28. Web scraping

[status: mostly-complete-needs-polishing-and-proofreading]

28.1. Motivation, prerequisites, plan

The web is full of information and we often browse it visually with a browser. But when we collect a scientific data set from the web we do not want to have a “human in the loop”, rather we want an automatic program to collect that data so that our results can be reproducible and our procedure can be fast and automatic.

Although my focus here is mainly on scientific applications, web scraping can also be used to mirror a web site.

Prerequisites

  • The 10-hour “serious programming” course.

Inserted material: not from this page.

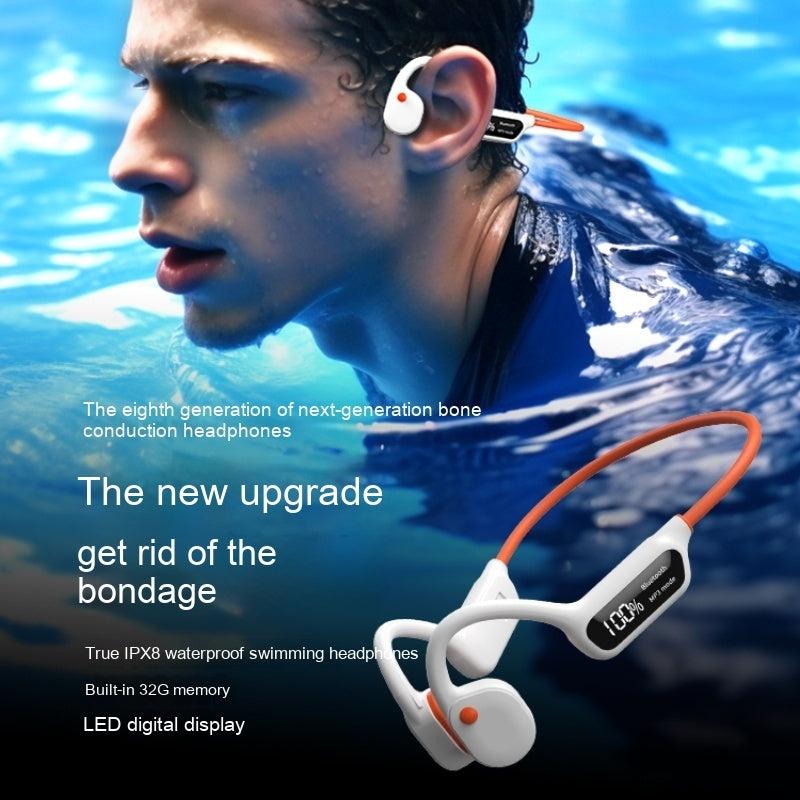 Waterproof Professional Bone Conduction Bluetooth Wireless Motion BapMagic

  • The “Data files and first plots” mini-course in Section 2

  • You should install the program wget:

    $ sudo apt install wget
    

Plan

Our plan is to find some interesting data sets on the web.

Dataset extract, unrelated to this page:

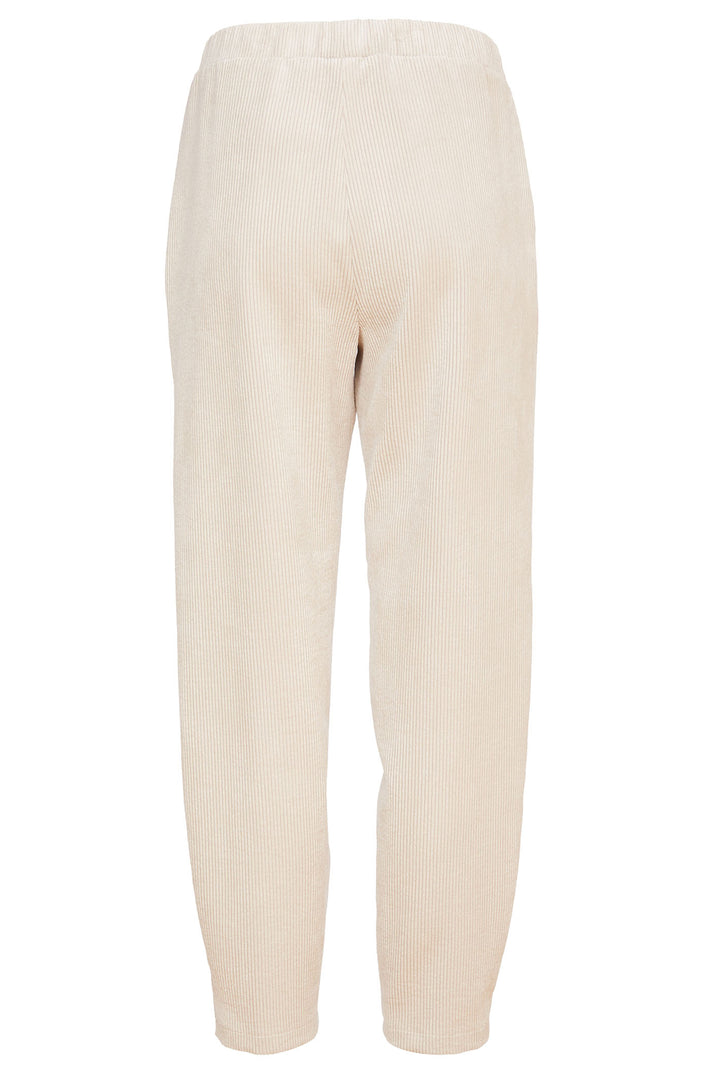 Naya NAW24-257 15 Corduroy Trousers Cream - Rouge Boutique Inverness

In our first approach in Section 28.3 we will download them to our disk using the command line program wget and plot them with gnuplot. Then in Section 28.4 we will show how you can retrieve data in your python program.

Finally in Section 28.5 we will scratch the surface of all the amazing scientific data sets that can be found on the web.

We will try to look at both time history and image data. Time histories are data sets where we look at an interesting quantity as it changes in time.

Examples of time histories include temperature as a function of time (in fact, all sorts of weather and climate data) and stock market prices as a function of time.

Examples of image data include telescope images of the sky and satellite imagery of the earth and of the sun.

28.2. What does a web page look like underneath? (HTML)

To introduce students to the staples of a web page, remember:

  • Not everyone knows what HTML is.

  • Few people have seen HTML.

So we introduce HTML (hypertext markup language) by example first, and then point out what “hypertext” and “markup” mean.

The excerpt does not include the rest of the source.